Admissions staff advise prospects to take rigorous course loads, but not so rigorous that grades suffer. GPA/SAT/ACT information is tossed out. Deep involvement in select activities of genuine interest is recommended. A passionless mishmash of clubs, sports and music activities carries little water.
I was impressed by the selective university that mentioned placing as much value on holding down an after school job as playing on the tennis team. Students who work should not be penalized in the college admissions process. Both activities demonstrate initiative.
I was unimpressed by the tony school that compared itself—in an elitist sort of way—to a slightly less-tony institution in the same town. It turns out our daughter came to the exact same conclusion, on her own.
Campus tours round out the experience. We were guided in both dazed and inquisitive clusters by plucky students—adept at walking backwards—who gushed about the merits of their institutions. We visited classrooms, dining halls, dorm rooms, labs and athletic facilities.
We lingered on campus to catch the library vibe or grab lunch or a cup of coffee. We must have “the look” of a prospective family. Students approached us on more than one occasion, happy to extol the virtues of their school.
Professional experience in college admissions at a large, mid-Atlantic university reinforces my belief that students must be mindful and engaged in the college search process if they are to realize meaningful results. Taking an honest look at academic choices and what their transcript says about them is vitally important. One soon realizes the direct correlation between academic achievement and choices post high school.
Standardized tests continue to matter, although an increasing number of schools are now “test optional.” This is an important consideration for students who don’t perform well on such tests, but are nonetheless capable. Students who score exceedingly high on standardized tests but whose classroom grades pale in comparison would likely cause an admission officer to pause.

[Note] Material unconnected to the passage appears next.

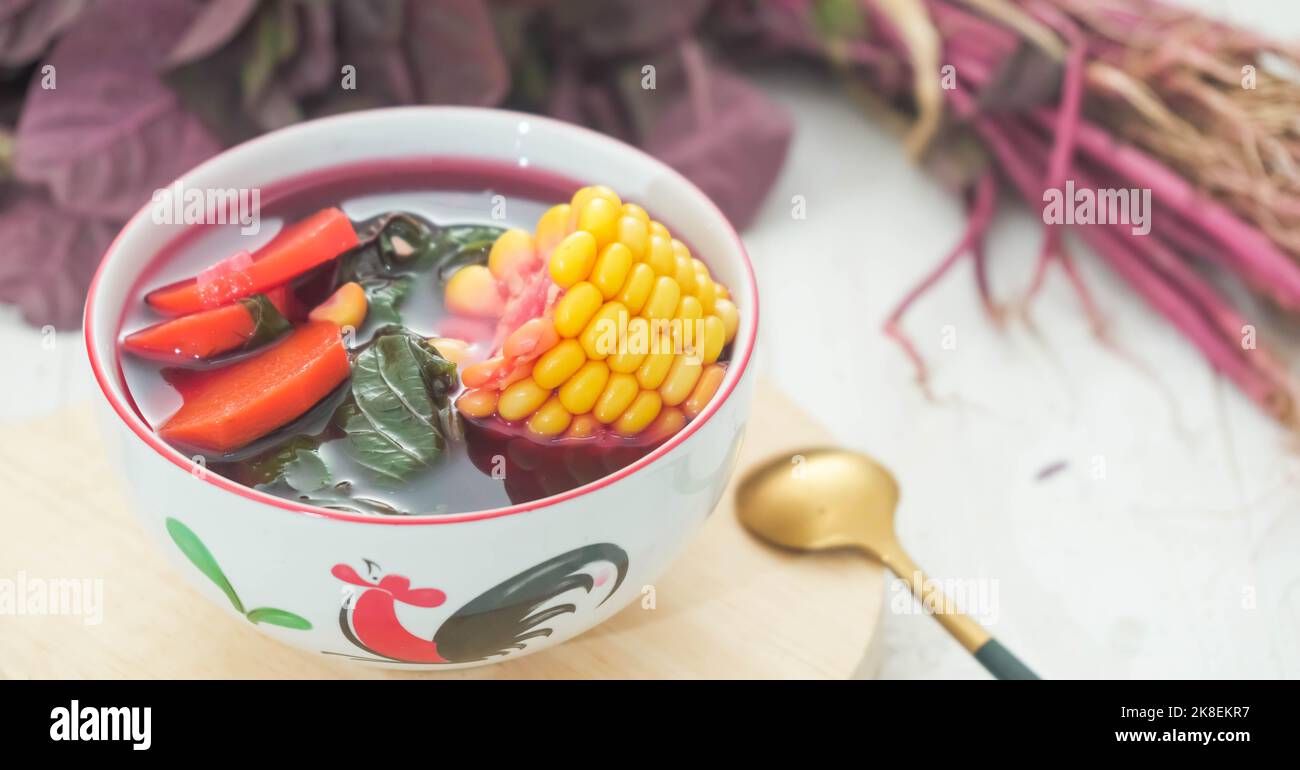 Zuppa di spinaci rossi da mangiare Foto Stock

Student essays can matter immensely and deserve time, attention and discernment. They also demand a second pair of eyes—preferably not a parent—to offer an honest critique. Essays should be highly personalized, showing who the applicant is beyond dry numbers and course listings.
Letters of recommendation can make—or break—an application. While reading hundreds of letters from teachers and guidance counselors, I easily teased out the “boiler plate” (i.e., insert name here) versus impassioned epistles asking that the campus gate be opened for a particular student.
There are exceptions for students with a special talent—in athletics or music, for example—or whose families demonstrate significant development potential. There are also the legacy admits, a small but admissions-significant constituency.
Working at a Division I school, athlete admissions applications were solidly “off limits” to general admissions staff. They were segregated from the vast pool of applicants we considered in conference. Athlete applications were spirited away to the associate director of admissions, who also happened to be an ardent college sports fan. He consulted with coaches when making admissions decisions. Different rules applied. I suspect they still do.
The process can seem a little overwhelming. Parents can guide, offer support and remind their daughters and sons that there is a place for them. Lest I forget, we are also expected to help pay for this adventure in learning!